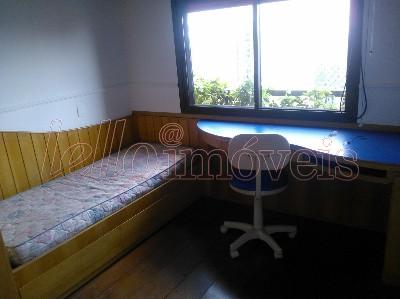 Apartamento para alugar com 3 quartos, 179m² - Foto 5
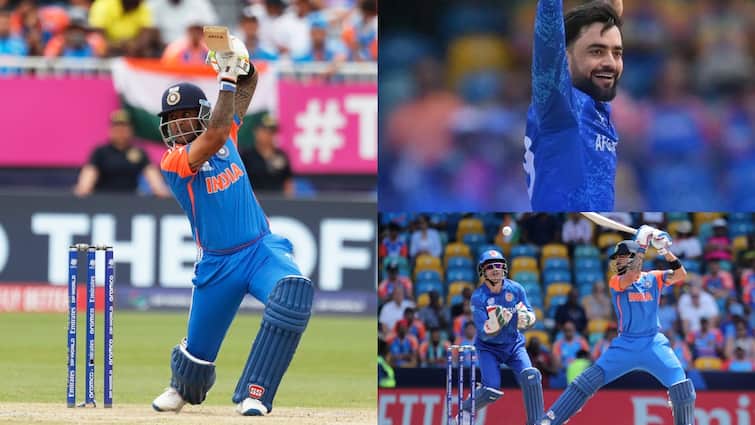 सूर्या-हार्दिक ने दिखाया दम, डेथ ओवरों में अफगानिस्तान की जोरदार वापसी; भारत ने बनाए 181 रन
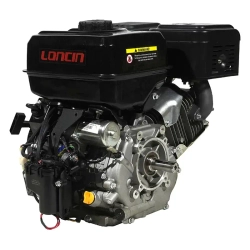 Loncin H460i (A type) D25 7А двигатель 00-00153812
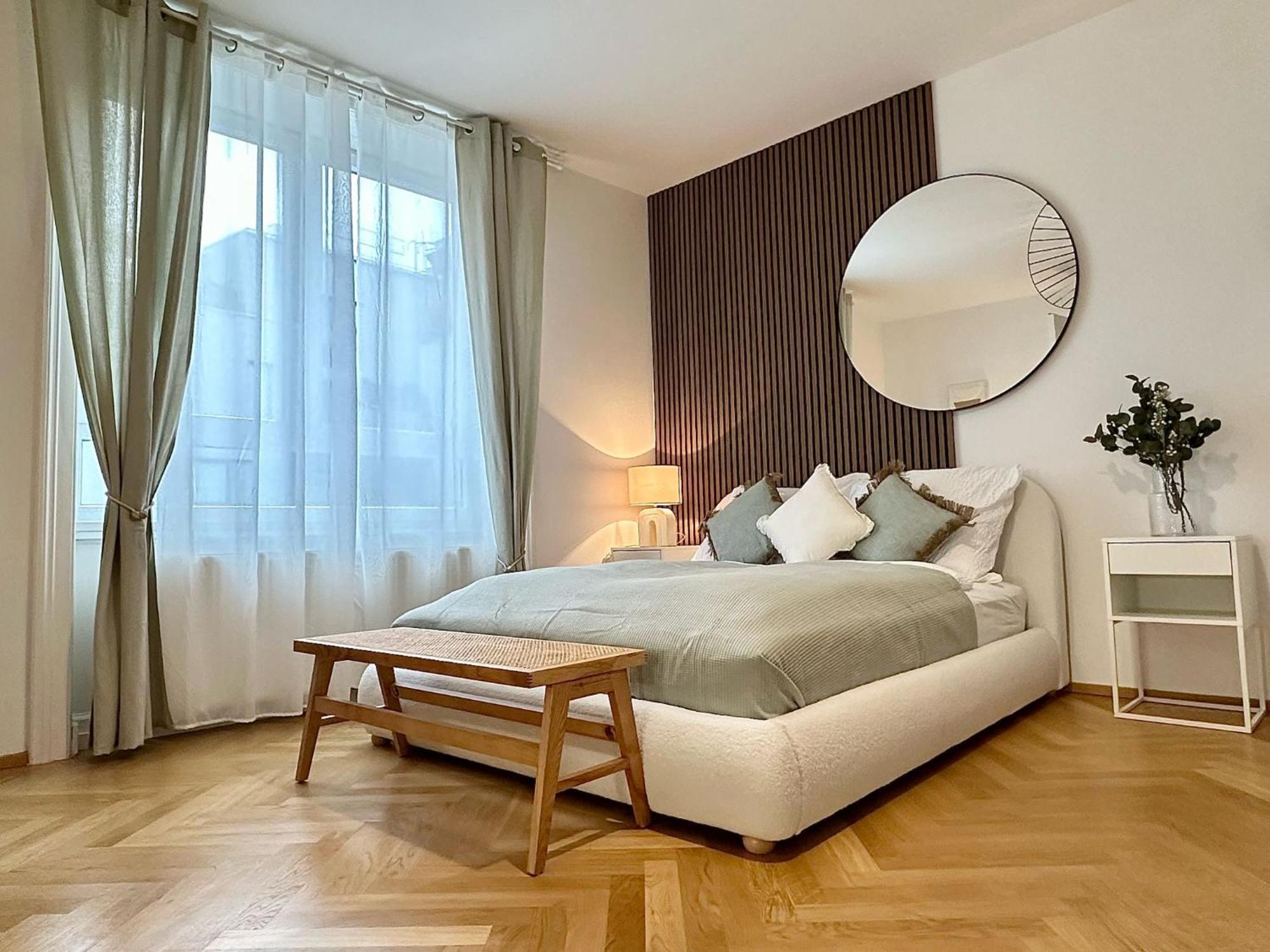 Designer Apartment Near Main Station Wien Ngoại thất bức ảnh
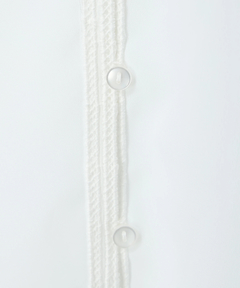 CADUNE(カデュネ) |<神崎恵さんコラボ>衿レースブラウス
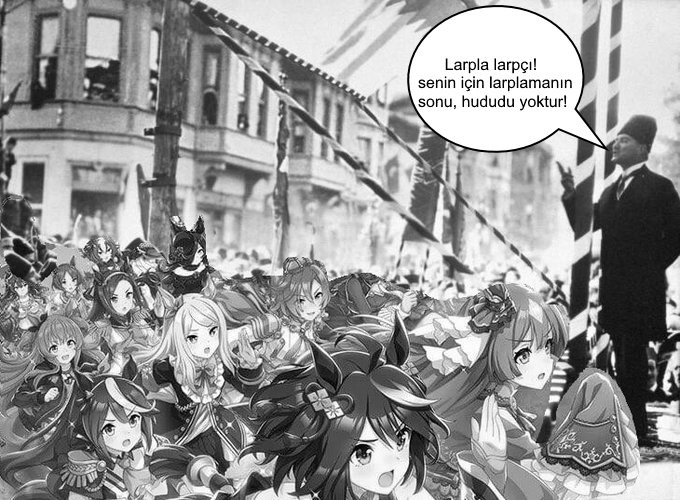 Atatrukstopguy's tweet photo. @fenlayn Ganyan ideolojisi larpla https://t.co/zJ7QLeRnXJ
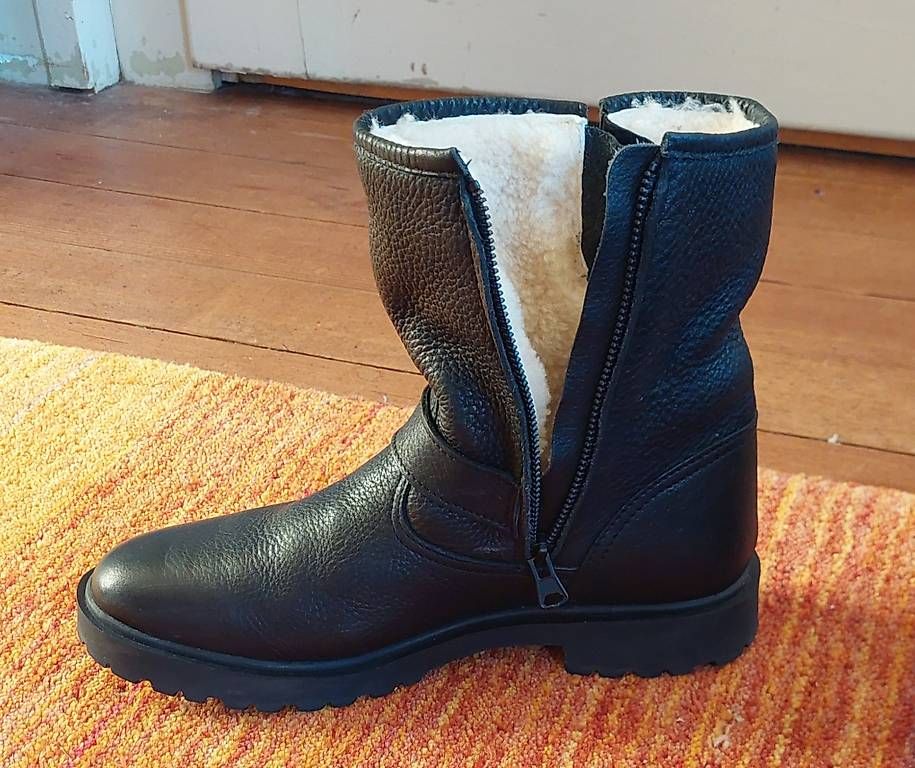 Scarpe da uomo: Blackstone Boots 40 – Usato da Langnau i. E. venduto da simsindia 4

+ + + + +

EXERCISE INSTRUCTIONS: Exactly the lines from the one with "सूर्या-हार्दिक ने दिखाया" through the end of the listing above are to be repeated, with no pictures.

REPLY TO THE EXERCISE:
 सूर्या-हार्दिक ने दिखाया दम, डेथ ओवरों में अफगानिस्तान की जोरदार वापसी; भारत ने बनाए 181 रन
 Loncin H460i (A type) D25 7А двигатель 00-00153812
 Designer Apartment Near Main Station Wien Ngoại thất bức ảnh
 CADUNE(カデュネ) |<神崎恵さんコラボ>衿レースブラウス
 Atatrukstopguy's tweet photo. @fenlayn Ganyan ideolojisi larpla https://t.co/zJ7QLeRnXJ
 Scarpe da uomo: Blackstone Boots 40 – Usato da Langnau i. E. venduto da simsindia 4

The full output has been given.